Les voiliers s’amarrent aux 55 mètres de francs-bords. A bâbord les voiliers en long séjour, le reste à tribord sur trois rangs qui peuvent compter jusqu’à 7 unités à couple. Il faut alors tirer des amarres de chaque côté du bras de mer pour éviter que la ligne de bateaux s’arque comme un accordéon sous la force du vent. Lors de notre séjour, nous avons vu un pare-battage exploser pour avoir négligé cette précaution. Lorsque l’on est le dernier de la rangée, c’est du sport pour rentrer ou sortir de chez soi, six mats à contourner sur des ponts encombrés de ces voiliers de voyage souvent grands, des dizaines de hautes filières à enjamber… On fait vite connaissance avec ses voisins.

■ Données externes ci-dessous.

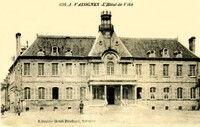 L'Hôtel de Ville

Un ordinateur en partage pour Internet

 

Loïck, cancre de la manœuvre

 

En été, chaque jour il faut défaire et refaire l’agencement de ces chapelets de coques pour laisser partir le bateau que le temps a poussé au centre d’une rangée. Il faut parfois déplacer une dizaine de bateaux qui se déploient dans le bras d’eau comme une volée d’oisillons avant de revenir se blottir les uns contre les autres à la mère nourricière. J’étais surpris de voir comment tout le monde était ponctuel et souriant pour cette corvée. Comme dans toutes les marinas, les manœuvres font sortir les curieux des carrés pour observer l’habileté des équipages. Malheureusement, ce n’est pas le spectacle comique que peuvent offrir certains ports de France en été. Les moteurs tournent au ralenti, les coques se frôlent, les amarres sont lancées avec précision, la parole est superflue sauf pour une bonne vanne. C’est un ballet mené par des équipages expérimentés que l’on sent amoureux de l’excellence nautique. Les petits nouveaux comme nous savent bien que, sous des dehors débonnaires, le jury est exigeant. Avec sa marche arrière en crabe, Loïck, cancre de la manœuvre, fait de son mieux pour sauver l’honneur.

 

La tradition du pisco sour

 

Lorsque nous nous amarrons au Micalvi, cela fait trois semaines que nous n’avons pas pris de douche. Pourtant notre première impulsion après avoir enjambé le pavois du vieux navire n’est pas de faire couler l’eau chaude, mais le pisco sour. Ce cocktail à l’origine controversé est une tradition chilienne qui a aussi son jour de fête nationale au Pérou. La recette de base mélange une eau de vie de raisin, le pisco, avec du citron, les Chiliens ajoutent du sucre glace, les Péruviens du sirop de sucre, un blanc d’œuf battu et un trait d’Agostura. Le pisco sour du Micalvi n’est probablement pas le meilleur du Chili, mais il a le goût soutenu des rituels.

 

Des valeurs morales

 

Quand toutes les nationalités se mettent à danser ensemble…

 

Le poêle à bois, les canapés, les tables basses, les murs couverts de drapeaux de tous les pays, le plafond bas, font de ce bar un lieu chaleureux. Le soir, la convivialité des marins rencontre celle des coureurs de montagnes qui ont fait aussi de ce navire un point de rencontre. L’île de Navarino offre la possibilité d’un beau trek de quatre jours dans les Dientes. Les deux communautés partagent un grand nombre de valeurs morales, en particulier d’aimer boire des coups. Les soirées tournent en fête rapidement, et pour savoir qui est qui, il suffit de regarder les pieds. Il y a ceux qui dansent en bottes et ceux qui gambillent en chaussures de montagnes. On est loin du Lac des Cygnes ! C’est beaucoup plus enjoué.

 

La timonerie au dessus du bar. Une ambiance parfaite pour écrire… des billets de blogue.

 

La gaité ambiante ne nous fait pas oublier que Nicole van de Kerchove a connu sa fin sur cette île. Nicole est la première à nous avoir parlé du Micalvi lorsque nous avons acheté le bateau en Bretagne. C’est elle qui nous a donné envie de la Patagonie. Six ans plus tard, Le Micalvi nous donne le sentiment d’avoir respecté un engagement personnel, d’être arrivés quelque part, pas seulement au bout du monde. Nous portons un toast à Nicole.

 

Notes
1/ Cette hypothèse hautement probable pour les voiliers ayant croisés dans le Beagle n’a pas, pour l’instant et à ma connaissance, rencontré de contre exemple.